Eric Chen........ Erection :?


----------



## jamman

brian1978 said:


> zltm089 said:
> 
> 
> 
> 
> 
> brian1978 said:
> 
> 
> 
> Not really a joke but wanted to share it anyway. Just couldn't keep it to myself
> 
> When Chinese immigrate to the UK they frequently change their first name to a British Christian name. It's a way of integrating better with the community and I personally respect them for doing it.
> 
> One of my good customers was in this morning chatting as he does, his English isn't great but it's certainly betterc than my Chinese :wink:. He asked what my name was as I'd never actually told him. Brian I say, I ask him the same.... Eric he tells me. I had to struggle to keep a straight face as I know his brother by name, he's called Raymond Chen.
> 
> I wonder if anyone will say to him his choice isn't the best.
> 
> 
> 
> 
> 
> please explain...
> 
> Click to expand...
> 
> Eric Chen........ Erection :?
Click to expand...

I'm slow today took me an age  :lol:


----------



## zltm089

brian1978 said:


> zltm089 said:
> 
> 
> 
> 
> 
> brian1978 said:
> 
> 
> 
> Not really a joke but wanted to share it anyway. Just couldn't keep it to myself
> 
> When Chinese immigrate to the UK they frequently change their first name to a British Christian name. It's a way of integrating better with the community and I personally respect them for doing it.
> 
> One of my good customers was in this morning chatting as he does, his English isn't great but it's certainly betterc than my Chinese :wink:. He asked what my name was as I'd never actually told him. Brian I say, I ask him the same.... Eric he tells me.

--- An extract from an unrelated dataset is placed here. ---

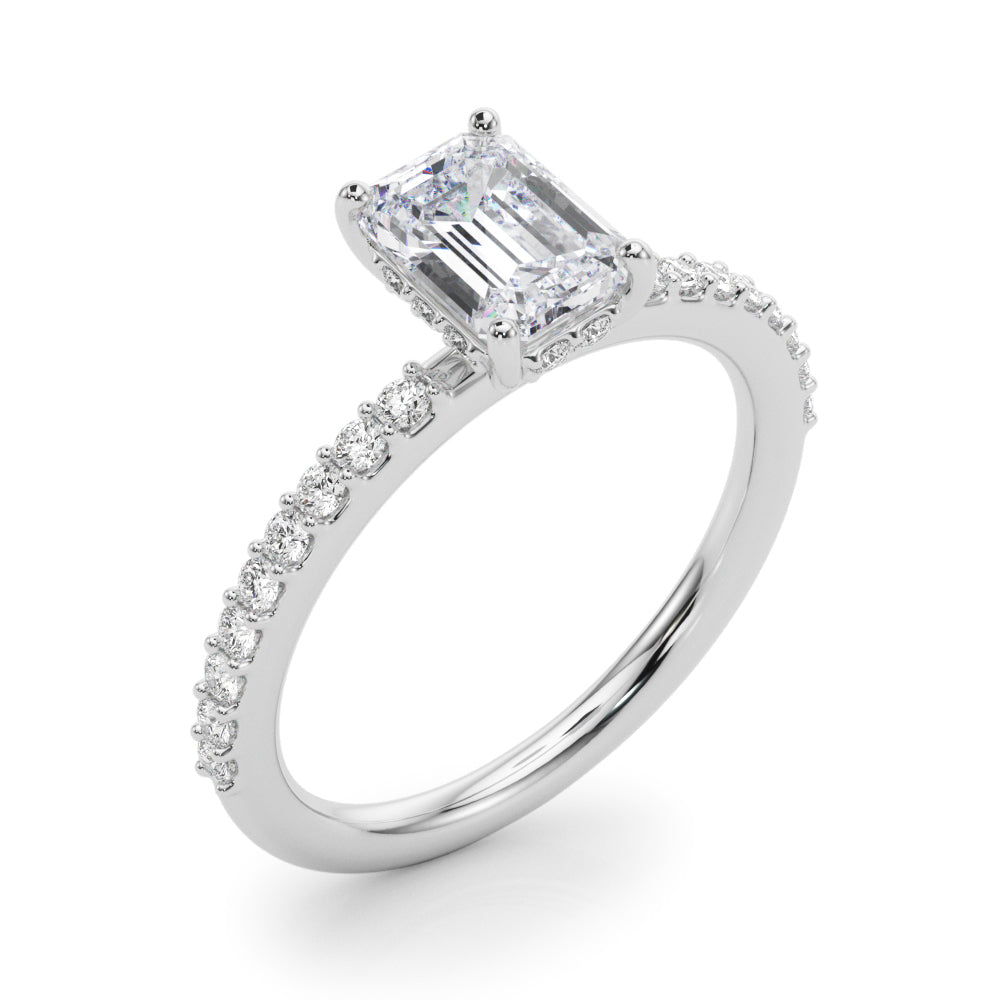 Emerald Hidden Halo Shared Prong Ring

I had to struggle to keep a straight face as I know his brother by name, he's called Raymond Chen.
> 
> I wonder if anyone will say to him his choice isn't the best.
> 
> 
> 
> 
> 
> please explain...
> 
> Click to expand...
> 
> Eric Chen........ Erection :?
Click to expand...

hah!!! ...got you!....lol....I said the name a few times and couldn't get it!....well the joke!....

not the erection!...lol


----------



## YoungOldUn

i'm another who didn't get it until I saw the explanation, could be an age thing


----------



## Davegt

:lol:


----------



## ZephyR2

Yes it can be hard to get an erection when you get old :lol: 
Perhaps this joke should have come with a free viagra tablet.


----------



## chrisxtc1

:lol:


----------



## aznxliddonikki




----------